You’ve seen the advice about not dealing with the human resources department at companies you’re targeting in your job search, and there were good reasons for the advice. Now the situation has worsened, according to Ask The Headhunter’s Nick Corcodillos. He never pulls his punches; however, his latest blog post, “The campaign to kill HR,” really hammers companies for the way they are (not) using HR.
If you’re planning a job search, this subject is one you need to pay attention to. Failure to take it into account could make your job search path harder. When companies say they want well-qualified candidates, do they put their money where their mouth is?
I could give several reasons. First, I want to share a taste of Corcodillos’ post:
“ZipRecruiter, Indeed, LinkedIn and a league of database companies have succeeded in killing HR’s recruiting role — and the initiative of hiring managers.
“Stripped of the function that once gave HR bragging rights for a company’s most competitive advantage — hiring great workers — HR now serves as little more than the fire hose that overwhelms companies with millions of inappropriate incoming job applications, and as the spigot that pours billions of corporate dollars into the pockets of database jockeys who know nothing about matching real people to real jobs.”
As I understand it, one of the reasons the companies mentioned are “killing” HR’s role is that they make more money when they DON’T generate high-quality job applicants to fill client-company openings! They get paid whether or not companies get strong applicants, so they have no incentive to improve their pathetic record. And they can’t point to any substantiated record of producing that level of applicants.

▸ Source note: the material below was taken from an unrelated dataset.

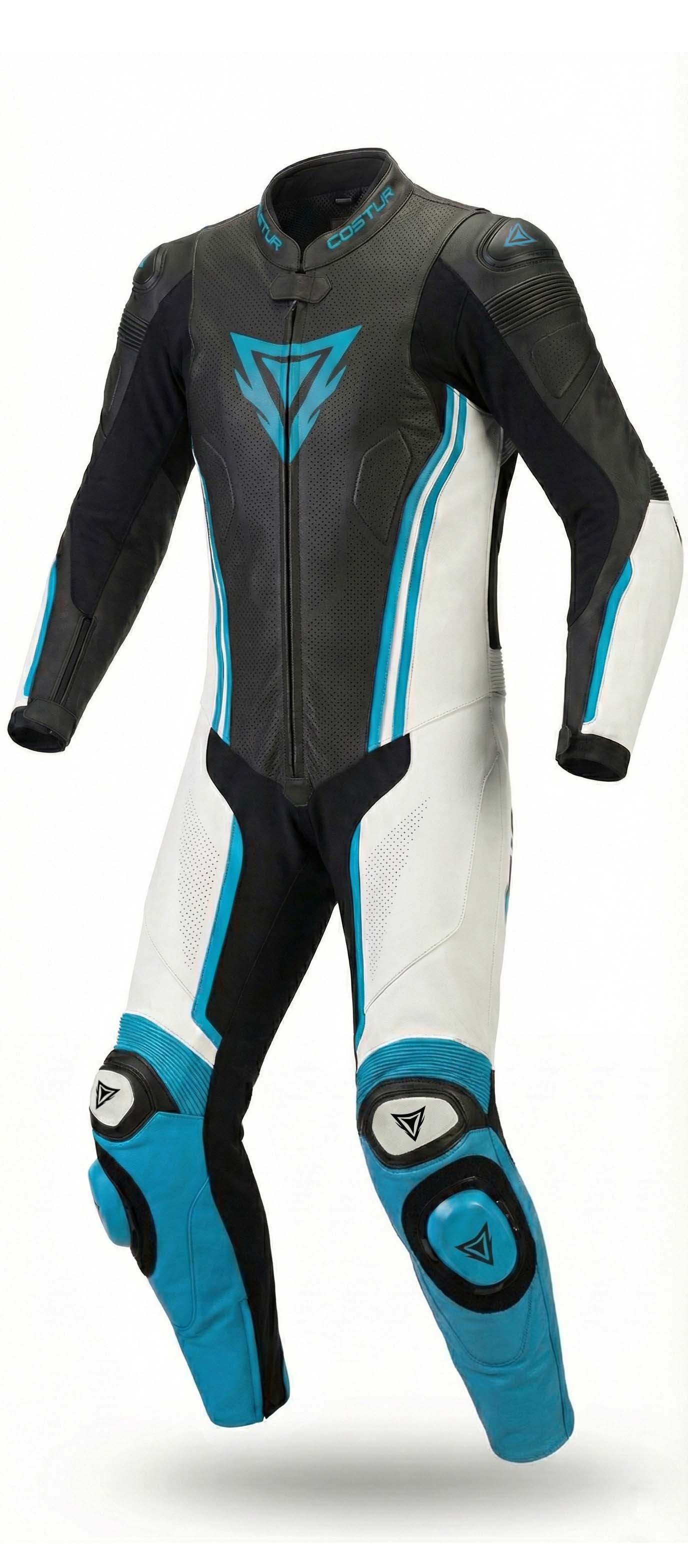 Zypher-X One-Piece Men’s Motorcycle Suit | Blue / Black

Although I know there are smart, capable HR professionals “out there,” they don’t necessarily hold positions of power within their companies. That could mean they follow a routine recruitment process that doesn’t do you as the job seeker any favors.

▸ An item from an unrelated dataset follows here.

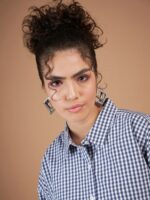 SASSAFRAS Navy Blue Oversized Gingham Checks Pure Cotton Casual Shirt - Image 7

In other words, their process is not intended to help you reach the people you need to reach in order to increase your chances of an interview that could lead to a job offer you would want to accept. Increasingly, it’s an automated process that makes job seekers jump through hoops without ever talking to live human beings.
You probably can’t control the growing role of the database companies. That’s in the hands of the companies who continue to employ their services despite incredibly low ROI.
What you can do is continue to work on sidestepping the HR hiring blockade. Unfortunately for any hope you might have cherished that you could conduct a productive job search without working hard at it, avoiding HR requires effort. Despite the barriers companies keep erecting in your path, your best bet, by far, is to find out how to reach the hiring manager(s) you need to get in touch with.
Of course, you also need a good story to tell once you get there and a solid case to make for the value you can offer employers, but that’s a topic for another blog post.
If you want a fulfilling job and career–want to do what you do well, in an environment that values and supports it–you need to steer clear of the “easy” route that takes you through HR and actually isn’t all that easy. It’s like the old cliche: “What’s worth having is worth working for.”